I no longer feel awful from that trauma because I healed by releasing those emotions on paper and understanding my thought process. Of course, I’m not implying that writing will immediately eliminate pain nor that it is gone forever. I worked through many memory triggers that surfaced. However, those experiences were unique to me, and only I could make sense of my feelings. Even the most educated psychiatrist couldn’t tap into what I felt. Writing transformed the feelings into words that myself and others understood. In addition, writing my story improved my confidence and empowered my ability to live my truth.
The dangers of holding in thoughts and emotions
Keeping things to myself when no one was listening caused me to suppress my feelings and withdraw. Depression and anxiety symptoms clung to that feeling of being less. But after gathering those journals and transcribing my truths, my mood improved, and I no longer felt drained physically. I didn’t actualize the reality of my feelings about the trauma I encountered until I wrote about it. That self-expression aided me in understanding the magnitude of the situation and helped me feel again and deal with my emotions rather than previously explaining the pain to a doctor.
Stressful situations can have a negative impact on health
I was in a vicious cycle of either no one listening, so I didn’t speak, or when I did speak, I adjusted the narrative to what I thought they might want to hear out of fear of judgment.
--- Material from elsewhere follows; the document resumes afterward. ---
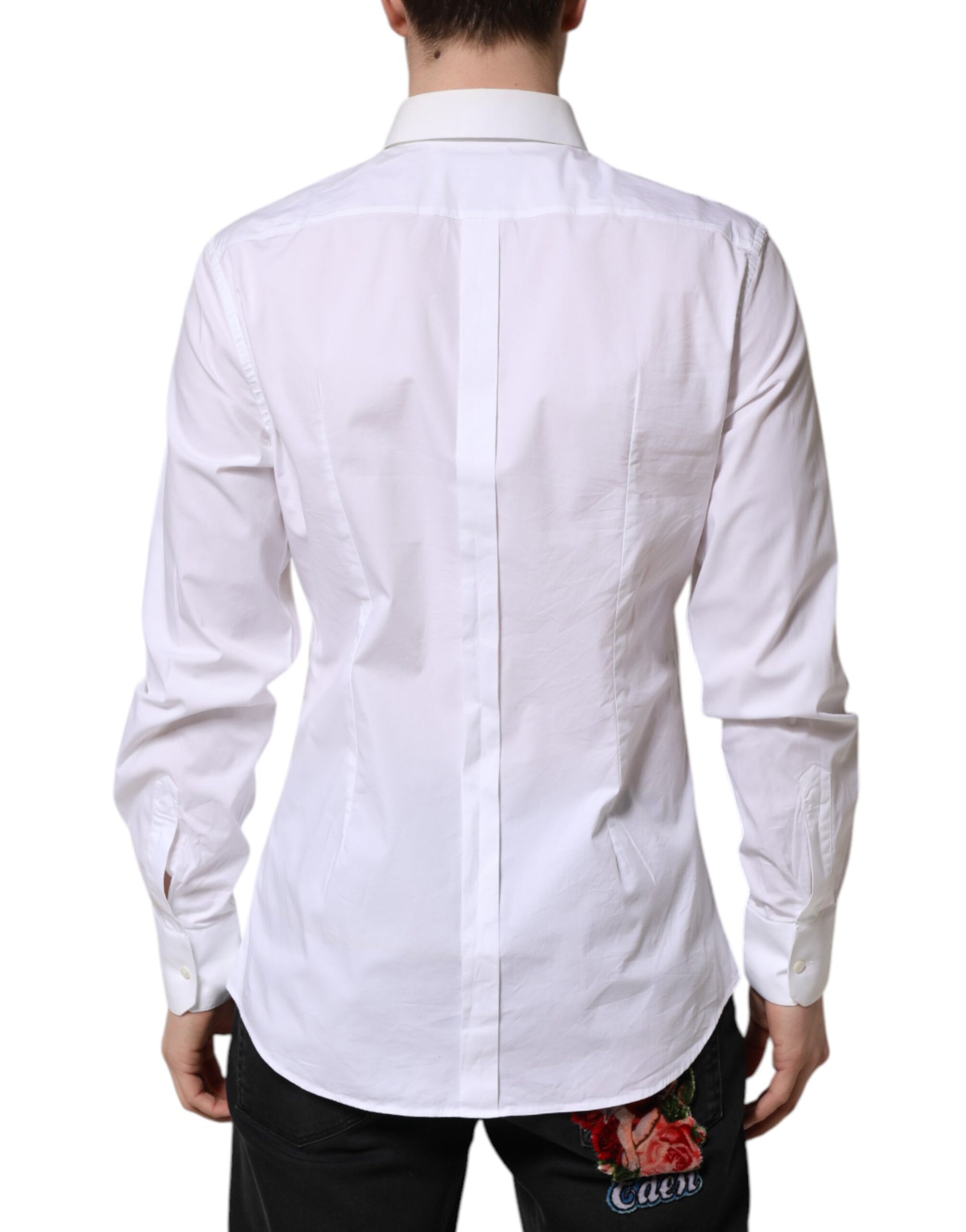 White Cotton GOLD Long Sleeves Dress Shirt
Most people react this way because they worry too much about what others think of them. Whereas writing from the heart opens up a self-assured voice with ownership of emotions that lacks fear. I now practice inviting my higher self to join me when I write.
My experience is that getting in the flow and writing from the heart about anything upsetting can improve mental and even physical health. It has been a definite stress reducer for me. So the next time you feel depressed, anxious, or physically dealing with any illness, try writing what you feel from your heart. Then if you feel comfortable, take the next step to share with someone you trust. The more you express those deep feelings, the more you release the pain holding onto you. I found it improves the relationship with self and others.
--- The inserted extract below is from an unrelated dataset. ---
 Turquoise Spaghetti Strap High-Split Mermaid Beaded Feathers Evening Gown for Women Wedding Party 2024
“I can shake off everything as I write; my sorrows disappear, my courage is reborn.” ~ Anne Frank
Prolonged silence robbed me of living a fulfilled life. Had I not discovered my voice through writing, I can only guess how miserable I might still be from existing rather than living.
Research suggests that self-awareness over verbally expressing emotions could elicit mental health improvements. Self-awareness is the ability to turn inward to yourself and connect with true feelings that create better awareness of feelings, traits, behaviors, beliefs, values, and motivations. Having a better understanding and self-awareness increases confidence and allows for more acceptance of self and others.
Writing has created self-awareness to the point that I make better decisions, I’ve drastically decreased anxious thoughts and perceived stress, and I am happier overall. In addition, writing combined with meditation and breathing techniques learned in yoga keeps me grounded in self-awareness.
“Fill Your Paper With The Breathings Of Your Heart” ~ William Wordsworth
If you are looking for a natural way to combat depression and anxiety, I highly recommend giving writing a go. Take some well-deserved quiet time to write down your feelings about a stressful event, and don’t hold back. Let your emotions flow naturally on paper, in a journal, or on your computer without worrying about spelling, grammatical correctness, or what others may say. Then take time to reread it a few days later to identify insights into your behaviors, beliefs, and feelings. Of course, like any treatment, it has to be consistent or practiced regularly for the best results.